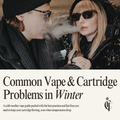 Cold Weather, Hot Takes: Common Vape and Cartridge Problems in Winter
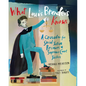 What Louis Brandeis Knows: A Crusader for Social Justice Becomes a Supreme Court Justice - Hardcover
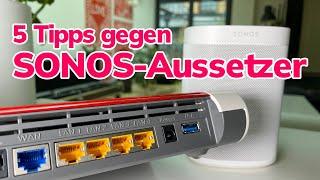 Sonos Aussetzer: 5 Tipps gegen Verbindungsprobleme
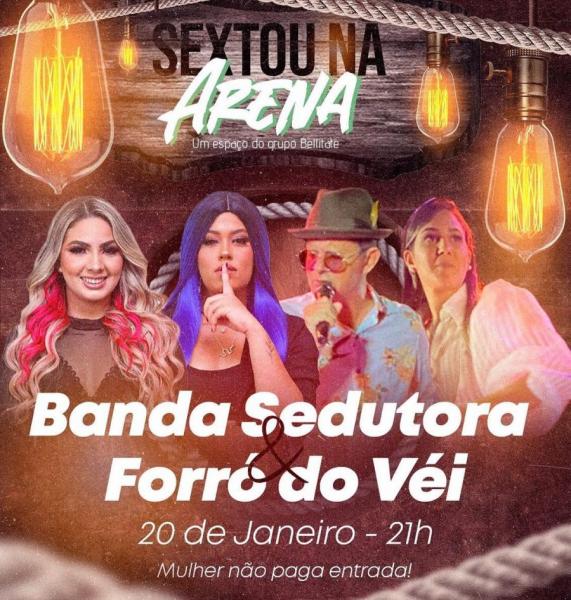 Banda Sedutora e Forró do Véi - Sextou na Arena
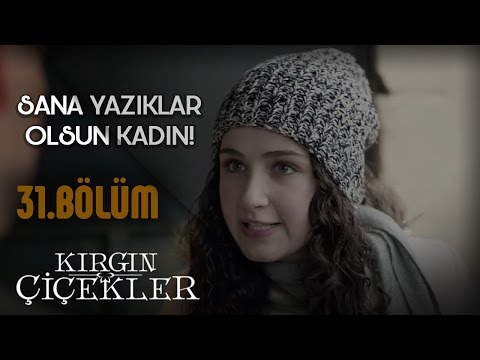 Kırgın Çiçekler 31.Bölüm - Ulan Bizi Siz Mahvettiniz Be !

══════════════════════════════

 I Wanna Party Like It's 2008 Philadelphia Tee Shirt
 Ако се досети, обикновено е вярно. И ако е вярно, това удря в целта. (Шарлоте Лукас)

══════════════════════════════

▶ **TASK STATEMENT**: Reproduce the lines above starting at the one with "Cold Weather, Hot" and ending at the one with "Kırgın Çiçekler 31.Bölüm", both included, exactly and with no pictures.

▶ **RESPONSE TO THIS EXERCISE**:
 Cold Weather, Hot Takes: Common Vape and Cartridge Problems in Winter
 What Louis Brandeis Knows: A Crusader for Social Justice Becomes a Supreme Court Justice - Hardcover
 Sonos Aussetzer: 5 Tipps gegen Verbindungsprobleme
 Banda Sedutora e Forró do Véi - Sextou na Arena
 Kırgın Çiçekler 31.Bölüm - Ulan Bizi Siz Mahvettiniz Be !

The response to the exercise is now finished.